My idea for this website is to make it a hub of my online identity and that’s what I’ve been building over the past months: from the now page to the watches page, everything tries to show a bit more of me and what I like.

To bring more of the 90s vibe to this website - I hope - I decided to add more emojis and GIFs everywhere. The emojis are actually just a comeback because I already used them immensely in the past. I’m actually using Twemoji from Twitter to make the emojis look the same cross-platform. I’m self-hosting everything though so I don’t need to rely on external CDNs. However, let me know what you think.

In addition to just adding emojis and GIFs, I decided to make my home page more personal instead of just a listing of my most recent posts. It now features a brief description of myself, a summary of what I am doing right now, links for featured posts, links to other pages - hence removing the “More” page - and, last but not the least, a link to my guestbook.

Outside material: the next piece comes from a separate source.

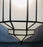 Art Deco White Milk Glass Handmade Chandelier, Pendant, Lantern, a Pair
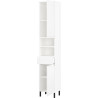 Colonne de salle de bain H 190 cm blanc brillant Salsa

With this update, I’m hoping to make this website more alive. Even though the mobile version hasn’t changed that much - mainly due to the device’s screen size -, the desktop version is much richer and entertaining, hopefully. I’m trying to join the old with some modern, yet interesting, features such as webmentions.

A more subtle change I made was to change the dates on this website to use the Holocene Calendar which adds exactly 10 000 years to the current year, being the first year placed in the beginning of the Holocene era.

Writing on a guestbook

Let’s bring the web more personality, more presence, more uniqueness. Let’s be the painters 🎨 of our own identity.